MooseFS performance scores high on InfiniBand Network

November 24th, 2017 | MooseFS Team post_thumbnail

MooseFS showcases good performance on InfiniBand Network! In this article, we show how we tested MooseFS performance on InfiniBand Network and present what results the MooseFS has achieved.

We are excited to announce that tests were successfully conducted by Core Technology in cooperation with the Interdisciplinary Centre for Mathematical and Computational Modelling at the University of Warsaw, to check the performance of MooseFS over IPoIB configuration, demonstrating throughput numbers in single client and distributed setup environments. These tests were performed with MooseFS 4.0 software version but the results are also achievable with MooseFS 3.0.92+ version.

The tests show that the MooseFS distributed file system is able to achieve very good performance with IPoIB protocol. Also, we get to understand that the best performance can be achieved using at least 4 threads and block size of at least 64k. Block size is a very important aspect of TCP/IP network communication, especially for random operations.

The gathered data shows that not in all cases, increasing the number of threads increases MooseFS client performance. When we use block sizes greater than 128k the performance of sequential and random read/write does not increase more. However, increasing the number of threads very quickly leads to maximum throughput for sequential read and write. Also, random read performance increases up to 12 threads for 2048k blocks and is linear for a 16k block in whole test range from 1 to 16 threads.

All the results were achieved with IPoIB configuration. Native IB throughput achieved in such a setup is unparalleled.

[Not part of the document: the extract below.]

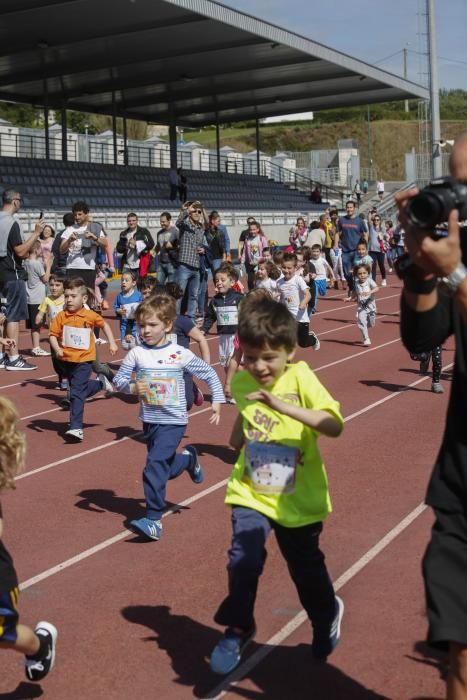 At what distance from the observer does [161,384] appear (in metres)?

All tests proved that storage based on MooseFS with InfiniBand network was able to provide exceptional performance. MooseFS network defined storage is a perfect solution for HPC environment. The optimal power of MooseFS is noticeable with parallel operations on many distributed MooseFS clients. This is indeed a very good news for all the MooseFS users!

About ICM UW  (Interdisciplinary Centre for Mathematical and Computational Modelling at University of Warsaw)

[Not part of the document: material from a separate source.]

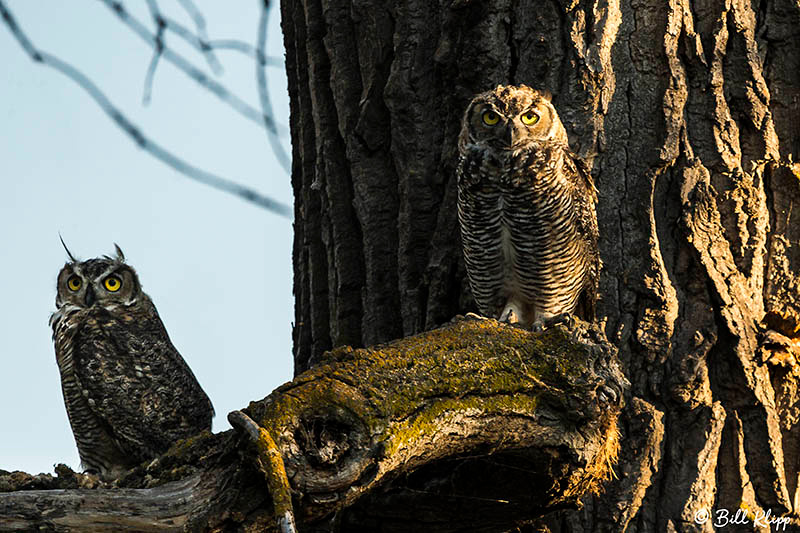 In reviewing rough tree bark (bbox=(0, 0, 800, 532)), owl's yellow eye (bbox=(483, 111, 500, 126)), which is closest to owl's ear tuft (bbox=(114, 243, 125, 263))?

ICM UW is a leading data science facility in Central Europe. High-performance computers used for processing, analysis, visualization and advanced computing tasks are ICM specialty. ICM’s goal is to understand data and provide innovative solutions to organizations and institutions, taking advantage of their data science expertise.

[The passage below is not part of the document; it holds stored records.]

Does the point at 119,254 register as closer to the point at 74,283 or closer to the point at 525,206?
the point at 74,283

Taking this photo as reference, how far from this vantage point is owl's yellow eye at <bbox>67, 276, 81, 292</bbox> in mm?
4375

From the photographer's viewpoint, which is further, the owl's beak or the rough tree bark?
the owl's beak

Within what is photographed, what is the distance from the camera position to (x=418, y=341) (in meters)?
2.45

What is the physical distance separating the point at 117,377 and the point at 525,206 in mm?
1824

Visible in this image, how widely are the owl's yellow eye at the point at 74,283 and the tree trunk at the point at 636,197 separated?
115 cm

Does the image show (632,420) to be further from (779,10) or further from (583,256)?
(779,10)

For more information please visit: http://icm.edu.pl

The tests were conducted in Single Client and Distributed Client setup Environments.The below two sections provide us with the detailed analysis in these two setups.

Single client test

The following section provides single client test description and configuration details. Single client test means that in the whole MooseFS cluster setup, only one server was dedicated as MooseFS client. Benchmark was executed inside the MooseFS client mount point. Benchmark tool used in this test was IOzone software, version 3.465.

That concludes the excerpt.